A staged approach to scaling up. Each rung validates something before you commit to the next; the repo’s TEST-SCENARIOS.md covers the full progression in depth.

The ladder

100      →   1,000     →   5,000     →   25,000    →   50,000
smoke        single IP     multi-IP      half fleet    full fleet

1. Smoke test (100 devices, loopback)

Prove the toolchain end to end: generate, serve, connect, scrape. This is the Quickstart. Goal: a clean session and moving metrics.

2. Single-IP load (1,000 devices)

One IP, 1,000 ports. Point your collector at the range and run a full backup cycle. Watch rcfgsim_active_sessions and the session error mix. Goal: no errors, latency within expectation.

3. Multi-IP (5,000 devices)

Move to systemd instances and IP aliases — e.g. 2 IPs × 2,500 ports. This validates that your tooling handles many addresses and that per-instance drain works.

4. Half fleet (25,000 devices)

10 IPs × 2,500 ports. Now you’re exercising scheduler fairness and burst handling: fire all backups in a tight window and watch for queueing, timeouts, and resource pressure on both sides. Introduce faults at a low rate here.

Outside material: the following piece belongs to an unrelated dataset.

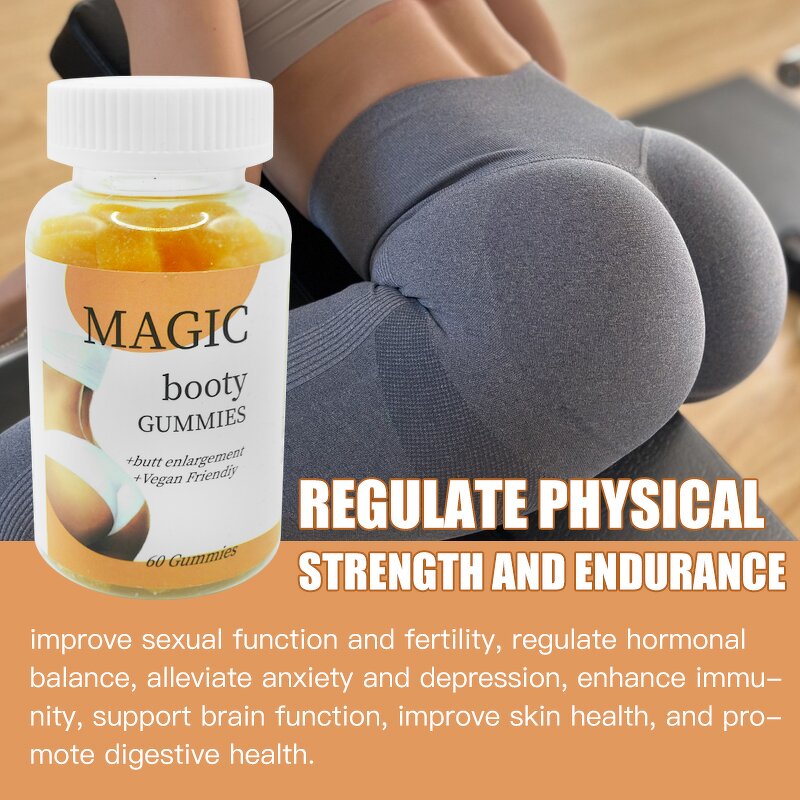 Butt Enhancement Gummies Manufacturer - Herbal Candy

5. Full fleet (50,000 devices)

20 IPs × 2,500 ports on the reference host (12 vCPU / 48 GB). This is the production-shaped test: a realistic size distribution, faults at a realistic rate, and a full collection cycle. Goal: characterize throughput, tail latency, and the resource envelope of the system under test.

What to measure at each rung

Throughput — rate(rcfgsim_sessions_total{result="ok"}[1m])
Error mix — non-ok results as a share of total
Tail latency — p95/p99 of rcfgsim_command_duration_seconds
Concurrency headroom — rcfgsim_active_sessions vs your cap
Host envelope — Go/process collectors (goroutines, FDs, CPU, memory)

See Grafana queries for the exact PromQL.

Tips for clean runs

Keep the same host key across restarts so clients don’t see host-key-changed warnings.
Use a fixed --seed so each run faces the identical fleet.
Restart instances with systemctl restart to get a graceful drain rather than killing them.